WG8 has also adopted a policy for the review (JTC1/SC18/WG8 N1350, attached below). The review process ensures that every clause, paragraph, note, and syntax production of ISO 8879 is reviewed.

At the Munich meeting in May, 1996, the following additional policy provisions were adopted:

  1. The standard shall be designed so that it is practical for documents to be created with ordinary (i.e., not SGML-aware) text editors. This principle does not justify the addition of excessive markup minimization techniques.
  2. A major objective of SGML is that SGML documents shall be processable by any conforming SGML system. Although a conforming SGML system could store documents in a proprietary format that describes portions of the SGML information set, such a format alone is insufficient for conformance. It is therefore required that conforming SGML systems, if they read pre-existing SGML documents, shall be able to import and, if they write SGML documents, shall be able to export those SGML documents in a "plain text" storage format. A "plain text" storage format is provisionally defined as one that is capable of being read and written by commonly used text editors and file utilities that do not inherently interpret specialized notations such as SGML or proprietary formats of particular products.

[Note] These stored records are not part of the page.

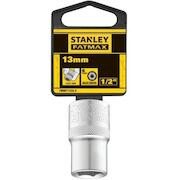 stanley_fmmt17232_0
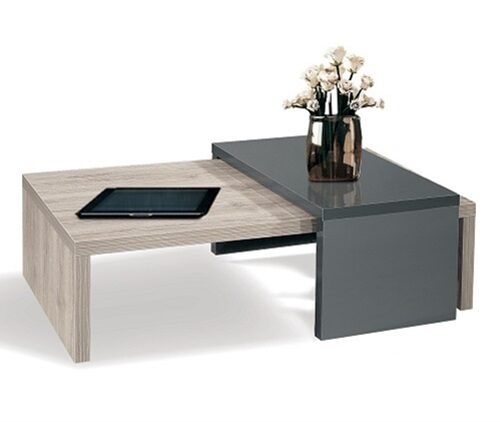 Έπιπλα Τρύφων - ΧΕΡΙ ΞΥΛΟ ΤΡΑΠΕΖΑΚΙ ΣΑΛΟΝΙΟΥ 2Π - ΚΩΔ. 02-05και#8203;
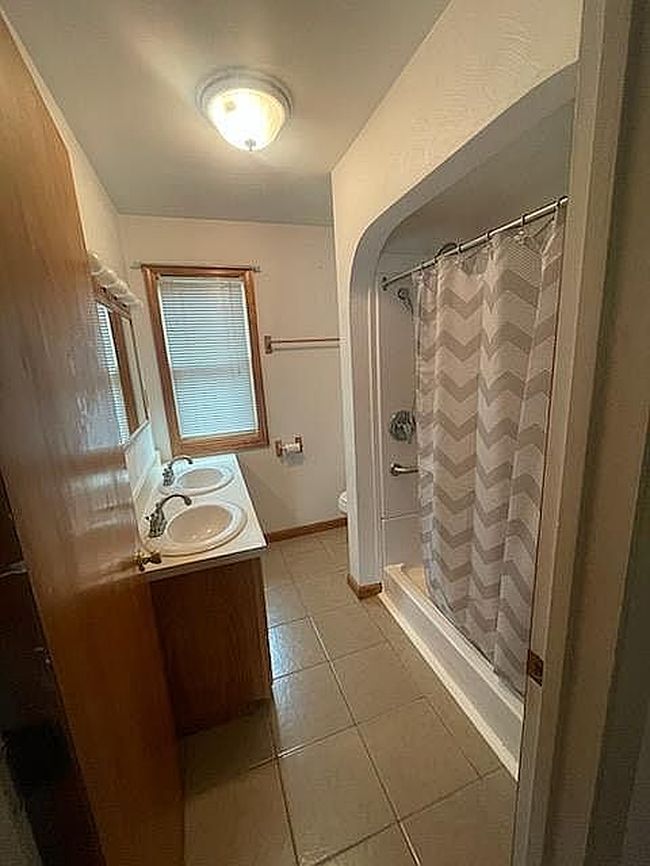 Photo of 444 W Pauline Dr, Clearfield, PA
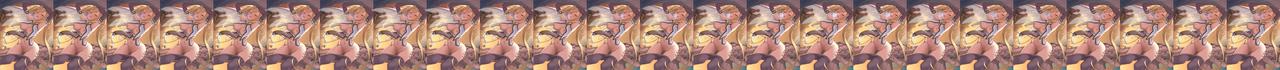 Dragon Providence 2019 Beast SSR Anireels page 9 full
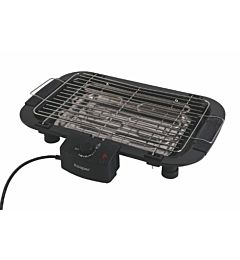 BISTECCHIERA-BARBECUE GRILL 2000 WATTKooper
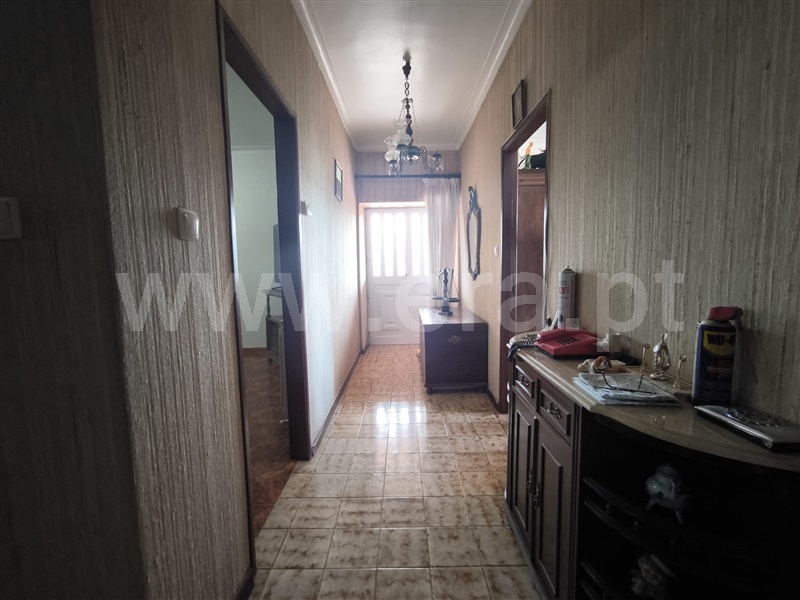 Moradia T5 à venda em Guilhadeses e Santar, Arcos de Valdevez — foto 8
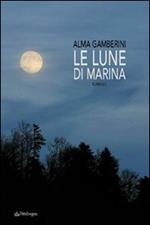 Le lune di Marina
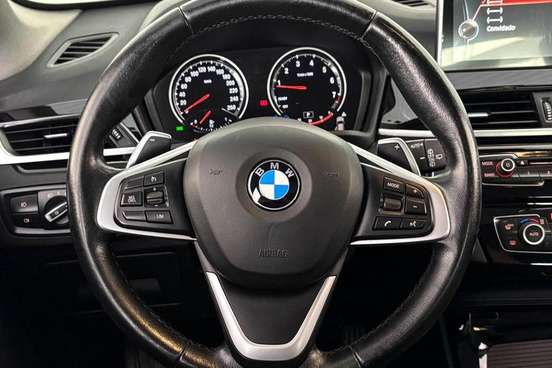 BMW-X1-2017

Some examples of editors whose native storage format is plain text are DOS EDIT and EDLIN, Windows Notepad (but not Write or Wordpad), UNIX EMACS and VI, and Macintosh TeachText and SimpleText.

II. Review activities

The review has been structured in two related activities:

Activity 1. Information described by SGML markup

The objective of this activity is to define explicitly the information described by the SGML syntax and to group it, as appropriate, into useful "information sets", such as the Element Structure Information Set (ESIS) (see annex A of ISO/IEC DIS 13673).

This activity is now complete. The "SGML Property Set" defines the full set of information described by SGML markup. This work was done in conjunction with DSSSL and HyTime experts and appears in both the DSSSL standard and the SGML Extended Facilities (formerly "General Facilities") annex of the HyTime standard. We are proposing that it be incorporated in the revision of ISO 8879.

Activity 2. Proposed changes to ISO 8879

The objective of this activity is to identify changes required to correct or enhance the text of ISO 8879, and to publish a revised edition of the standard that incorporates those changes and the changes made by Amendment 1 (1988).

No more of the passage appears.